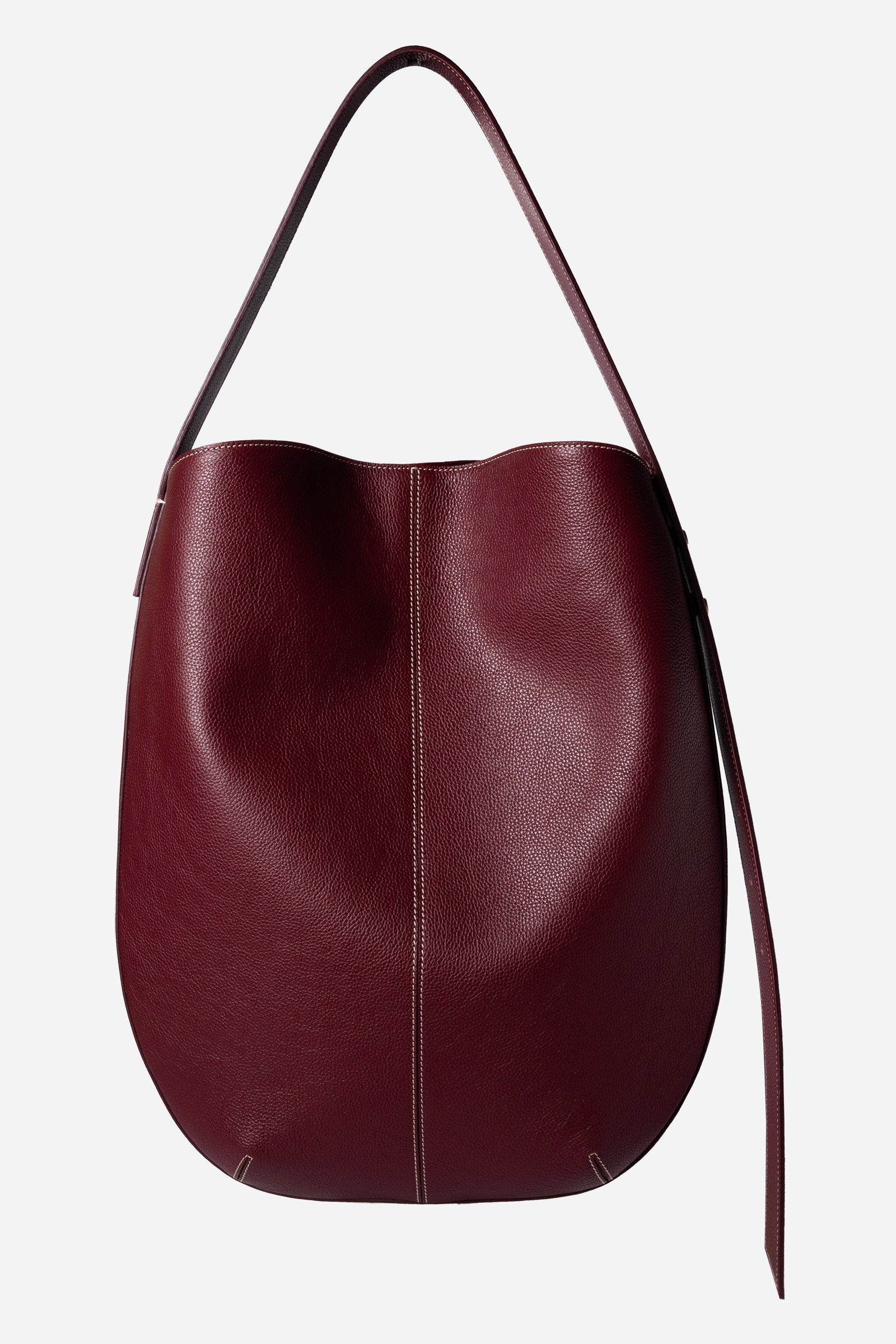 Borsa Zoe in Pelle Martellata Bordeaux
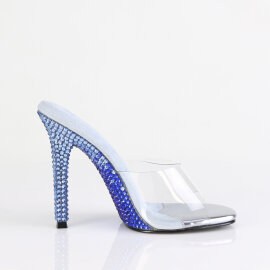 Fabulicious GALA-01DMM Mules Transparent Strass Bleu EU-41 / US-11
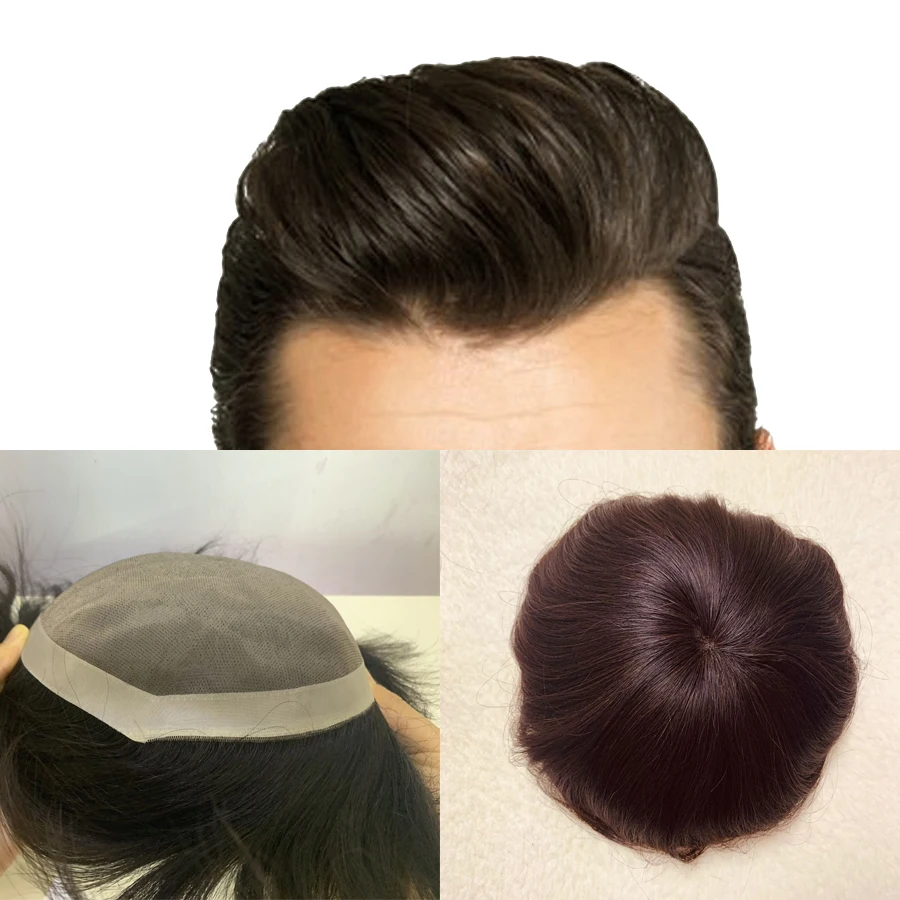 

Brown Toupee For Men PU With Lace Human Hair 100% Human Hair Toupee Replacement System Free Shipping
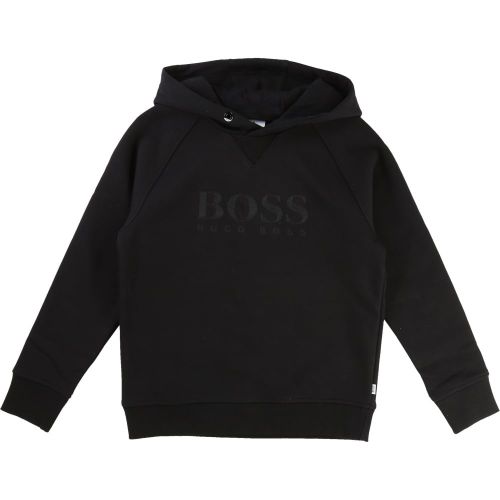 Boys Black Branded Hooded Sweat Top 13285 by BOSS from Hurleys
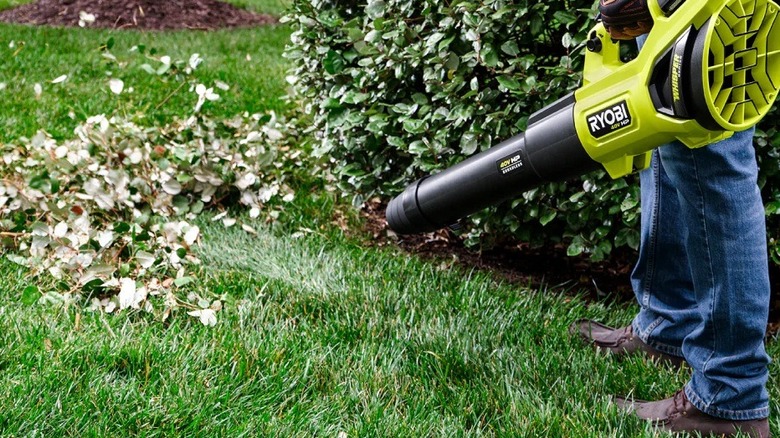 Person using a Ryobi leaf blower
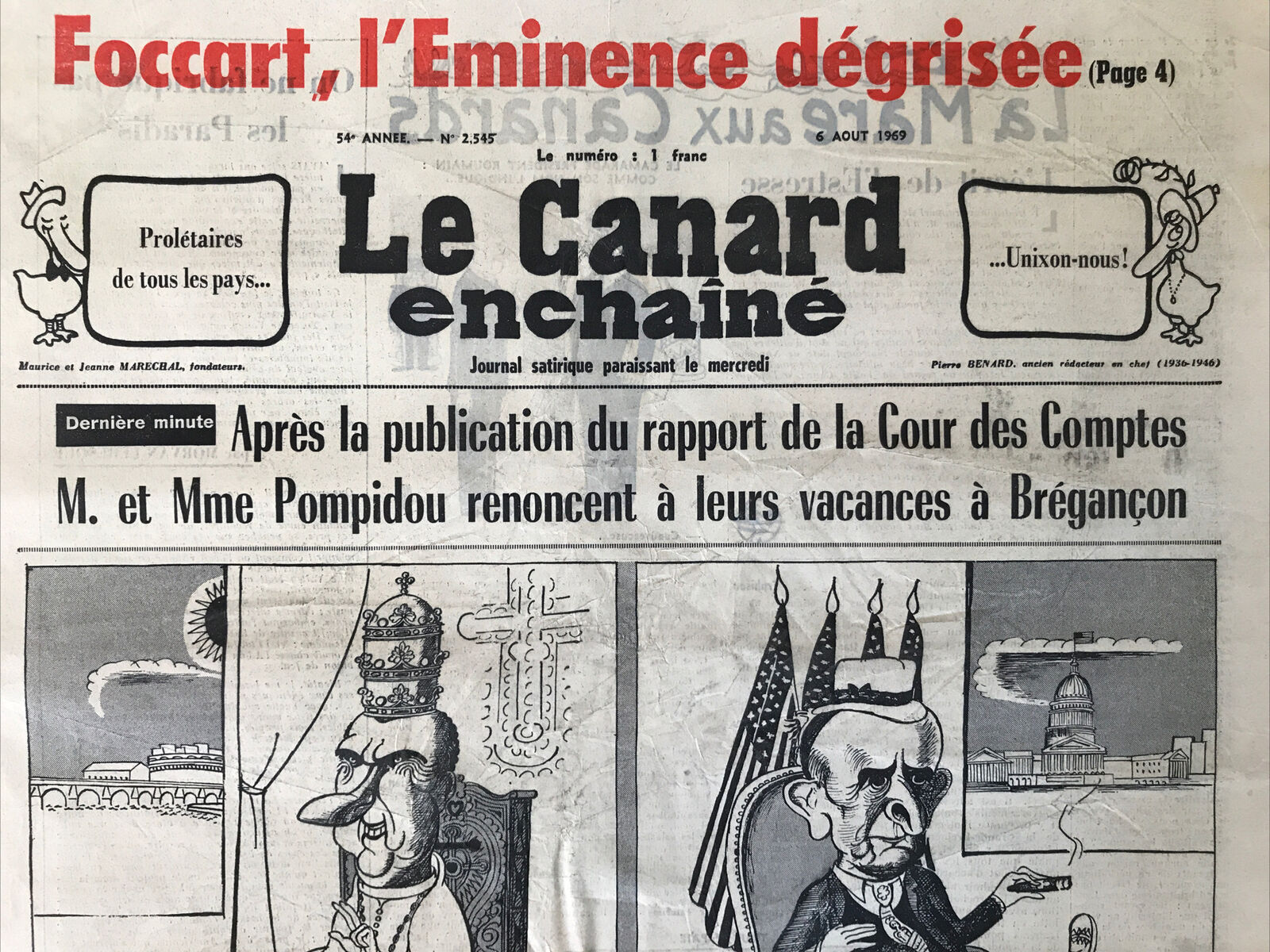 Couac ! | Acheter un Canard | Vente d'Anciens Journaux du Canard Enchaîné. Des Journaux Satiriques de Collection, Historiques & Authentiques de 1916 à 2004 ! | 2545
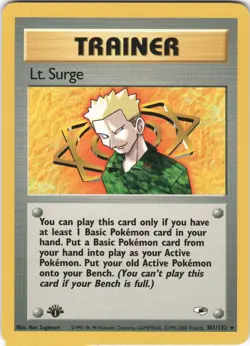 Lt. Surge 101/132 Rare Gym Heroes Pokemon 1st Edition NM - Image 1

What the task asks: Set down exactly the lines between the line containing "Couac ! | Acheter" and the end of the records above, both ends included; pictures stay out.

Response for this exercise:
 Couac ! | Acheter un Canard | Vente d'Anciens Journaux du Canard Enchaîné. Des Journaux Satiriques de Collection, Historiques & Authentiques de 1916 à 2004 ! | 2545
 Lt. Surge 101/132 Rare Gym Heroes Pokemon 1st Edition NM - Image 1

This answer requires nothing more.